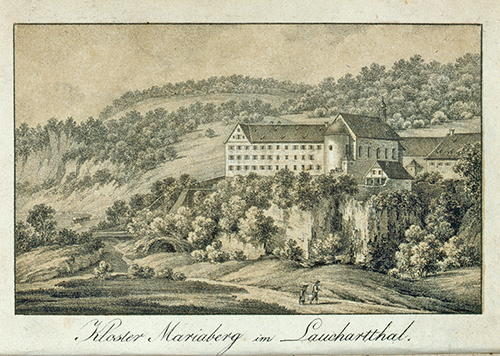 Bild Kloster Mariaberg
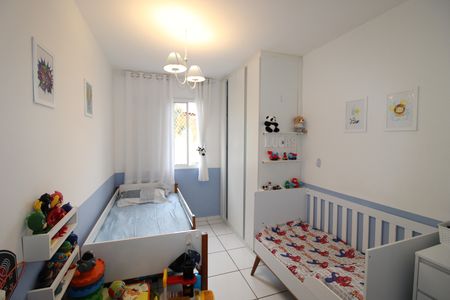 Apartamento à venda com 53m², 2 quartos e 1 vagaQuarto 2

--

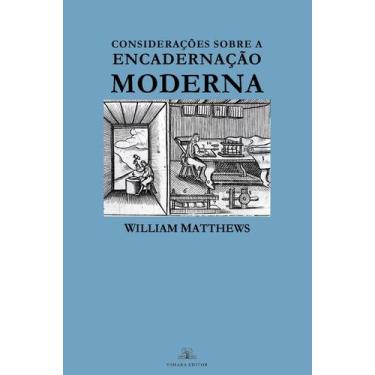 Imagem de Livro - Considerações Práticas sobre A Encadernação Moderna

* * *

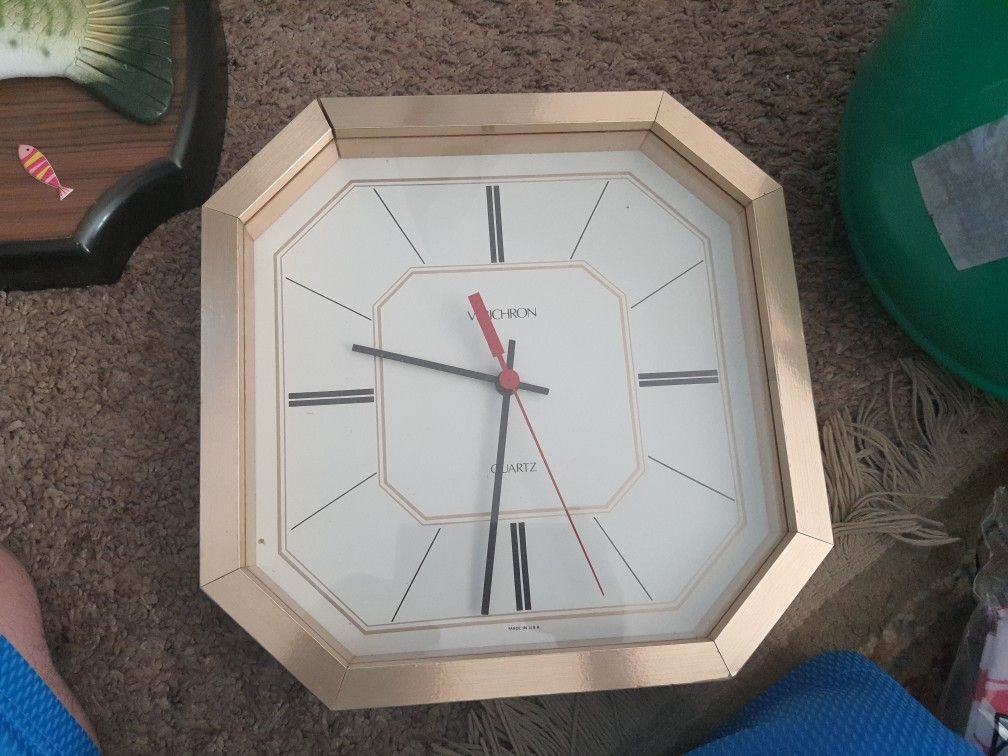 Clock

_Activity_
Everything from the line above that contains "Bild Kloster Mariaberg" down to the line that contains "Apartamento à venda" must be reproduced exactly, both ends included. Omit the pictures.

_Solution to the exercise_
 Bild Kloster Mariaberg
 Apartamento à venda com 53m², 2 quartos e 1 vagaQuarto 2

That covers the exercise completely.